Here are some sites I’ve found that publish open data is useful formats, help with getting data, aid visualization of data and use data interesting ways:
Opening the data door
Data.gov.uk is your one stop shop for open data. Raw and in the flesh, this is the UK governments latest attempt at getting public data into the public domain. The search can be annoying to navigate with wide terms having to be used to pinpoint the data you want unless you know the rather wordy and rather protracted title civil servants give to documents these days. The government has crowd-sourced with this one resulting in apps made by web developers and SPARQL for web developers.

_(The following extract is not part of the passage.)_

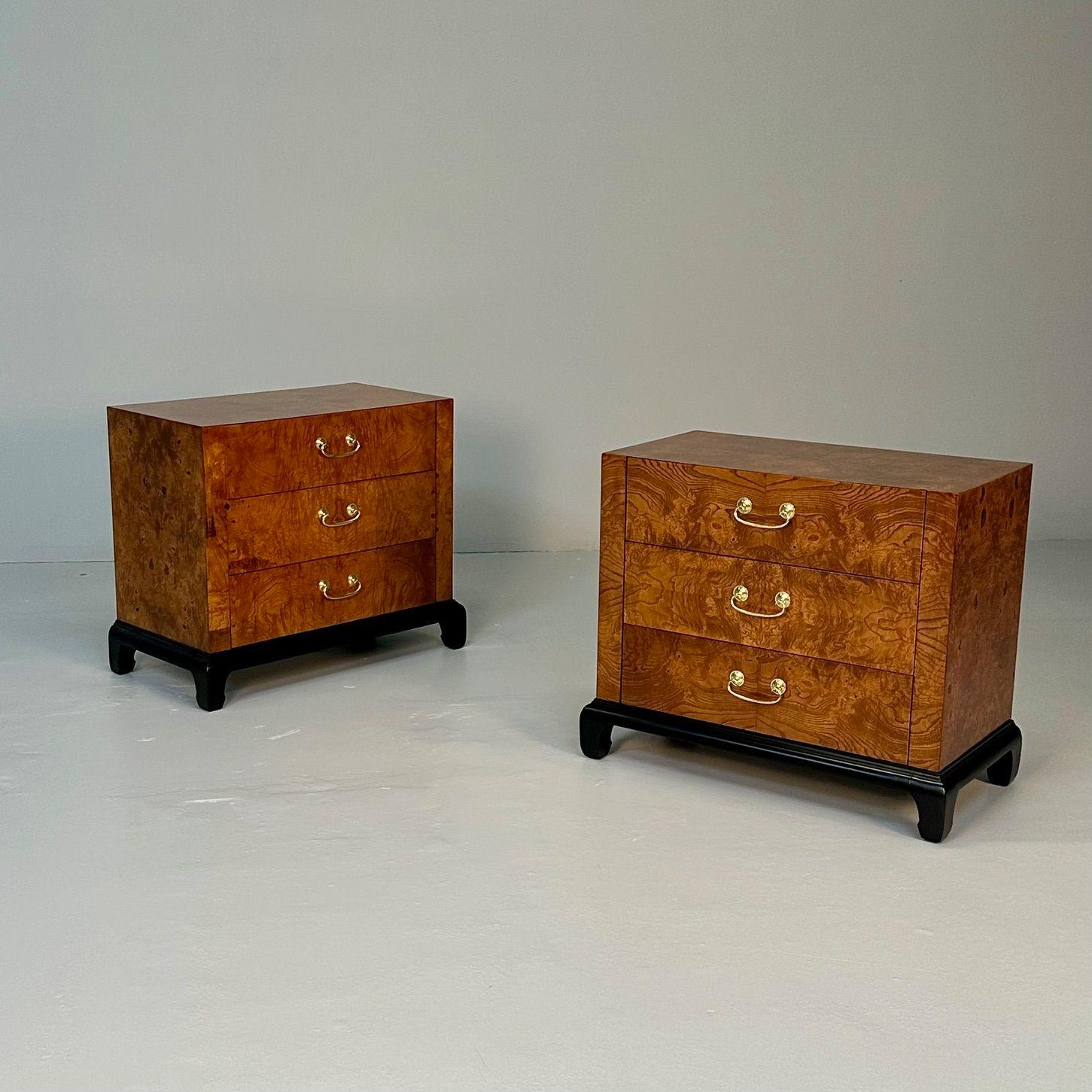 Pair of Mid-Century Modern Burlwood Nightstands / Chests or End Tables, Branded Hekman, Mastercraft Style

Each having a tortoise shell veneer exterior, three drawers with bronze handles on ebonized bracket bases. The pair finely refinished.

Three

If you are not one then data available pdf and/or xls is all it’s good for.
The Office for National Statistics publishes the data that makes it into the news headlines. Employment, economic growth and all the important stuff is on here first. This is probably the only site that newsrooms are familiar with. Although they are mostly interested in the press release and not the data itself. The Financial Times is the most obvious exception although it is now behind the paywall. Most likely because to put the time, effort and cash into good visuals and interactives money has to be made from the webpage. Good money.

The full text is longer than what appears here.